**WHAT THE EXERCISE ASKS**
Identify every line in the records below that contains the word "including", and copy each of those lines.
Start of MATERIAL FOR THE TASK
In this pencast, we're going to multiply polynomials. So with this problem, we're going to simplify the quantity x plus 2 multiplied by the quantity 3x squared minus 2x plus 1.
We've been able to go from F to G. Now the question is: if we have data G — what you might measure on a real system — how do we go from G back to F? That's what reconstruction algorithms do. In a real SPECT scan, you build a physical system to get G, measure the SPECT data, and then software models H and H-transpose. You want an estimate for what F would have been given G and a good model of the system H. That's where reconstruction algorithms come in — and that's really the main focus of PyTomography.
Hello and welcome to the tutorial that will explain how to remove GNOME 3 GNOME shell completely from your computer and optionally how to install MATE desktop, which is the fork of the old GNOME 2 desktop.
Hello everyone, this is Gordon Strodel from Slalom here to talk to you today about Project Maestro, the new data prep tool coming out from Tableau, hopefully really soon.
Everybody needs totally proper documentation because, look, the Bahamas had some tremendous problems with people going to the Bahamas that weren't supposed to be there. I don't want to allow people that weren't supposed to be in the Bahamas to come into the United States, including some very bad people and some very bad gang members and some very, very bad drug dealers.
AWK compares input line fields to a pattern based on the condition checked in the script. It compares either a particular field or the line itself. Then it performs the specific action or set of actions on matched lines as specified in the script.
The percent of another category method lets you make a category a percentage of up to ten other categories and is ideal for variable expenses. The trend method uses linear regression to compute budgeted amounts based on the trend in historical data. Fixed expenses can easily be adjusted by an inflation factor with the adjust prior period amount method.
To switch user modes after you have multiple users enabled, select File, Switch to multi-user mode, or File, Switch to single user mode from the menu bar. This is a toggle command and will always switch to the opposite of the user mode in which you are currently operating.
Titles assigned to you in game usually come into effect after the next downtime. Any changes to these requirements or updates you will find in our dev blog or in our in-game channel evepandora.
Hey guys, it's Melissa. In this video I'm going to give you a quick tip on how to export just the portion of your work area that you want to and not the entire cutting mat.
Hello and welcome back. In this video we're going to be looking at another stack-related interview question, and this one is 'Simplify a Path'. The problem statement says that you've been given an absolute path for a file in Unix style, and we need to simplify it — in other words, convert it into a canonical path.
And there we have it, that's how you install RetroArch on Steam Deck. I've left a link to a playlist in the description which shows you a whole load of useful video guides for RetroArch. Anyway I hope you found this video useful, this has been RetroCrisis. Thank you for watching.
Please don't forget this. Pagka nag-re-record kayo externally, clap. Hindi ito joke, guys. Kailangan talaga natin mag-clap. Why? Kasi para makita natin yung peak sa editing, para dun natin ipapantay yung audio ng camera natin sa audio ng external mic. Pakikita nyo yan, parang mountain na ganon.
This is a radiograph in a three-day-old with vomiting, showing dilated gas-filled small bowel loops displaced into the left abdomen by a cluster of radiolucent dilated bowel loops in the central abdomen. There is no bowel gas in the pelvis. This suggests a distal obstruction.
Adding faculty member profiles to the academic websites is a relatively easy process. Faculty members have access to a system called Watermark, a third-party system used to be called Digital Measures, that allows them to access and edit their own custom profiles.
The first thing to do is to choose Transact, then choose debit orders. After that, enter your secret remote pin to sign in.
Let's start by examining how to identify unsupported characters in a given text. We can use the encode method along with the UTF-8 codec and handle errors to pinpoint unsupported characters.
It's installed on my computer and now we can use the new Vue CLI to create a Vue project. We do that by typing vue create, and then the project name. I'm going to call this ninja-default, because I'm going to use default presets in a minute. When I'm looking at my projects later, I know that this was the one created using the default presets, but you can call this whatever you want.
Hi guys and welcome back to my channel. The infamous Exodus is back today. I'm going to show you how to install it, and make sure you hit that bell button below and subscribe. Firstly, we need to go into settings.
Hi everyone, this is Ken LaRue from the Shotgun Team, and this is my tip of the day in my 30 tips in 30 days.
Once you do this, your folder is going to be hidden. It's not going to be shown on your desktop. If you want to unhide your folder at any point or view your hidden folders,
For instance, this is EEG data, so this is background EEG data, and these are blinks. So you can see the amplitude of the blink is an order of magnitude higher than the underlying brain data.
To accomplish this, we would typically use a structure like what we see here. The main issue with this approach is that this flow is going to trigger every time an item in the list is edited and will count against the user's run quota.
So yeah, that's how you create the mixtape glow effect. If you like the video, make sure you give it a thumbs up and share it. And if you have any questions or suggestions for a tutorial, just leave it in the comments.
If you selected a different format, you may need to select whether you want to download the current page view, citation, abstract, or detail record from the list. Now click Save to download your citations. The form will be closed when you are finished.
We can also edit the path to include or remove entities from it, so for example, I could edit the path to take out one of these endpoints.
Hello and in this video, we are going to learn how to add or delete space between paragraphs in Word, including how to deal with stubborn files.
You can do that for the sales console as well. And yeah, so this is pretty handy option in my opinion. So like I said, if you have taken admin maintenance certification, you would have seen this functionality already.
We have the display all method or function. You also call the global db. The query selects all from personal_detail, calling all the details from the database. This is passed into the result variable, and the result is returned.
End of MATERIAL FOR THE TASK
**EXERCISE ANSWER**
Everybody needs totally proper documentation because, look, the Bahamas had some tremendous problems with people going to the Bahamas that weren't supposed to be there. I don't want to allow people that weren't supposed to be in the Bahamas to come into the United States, including some very bad people and some very bad gang members and some very, very bad drug dealers.
Hello and in this video, we are going to learn how to add or delete space between paragraphs in Word, including how to deal with stubborn files.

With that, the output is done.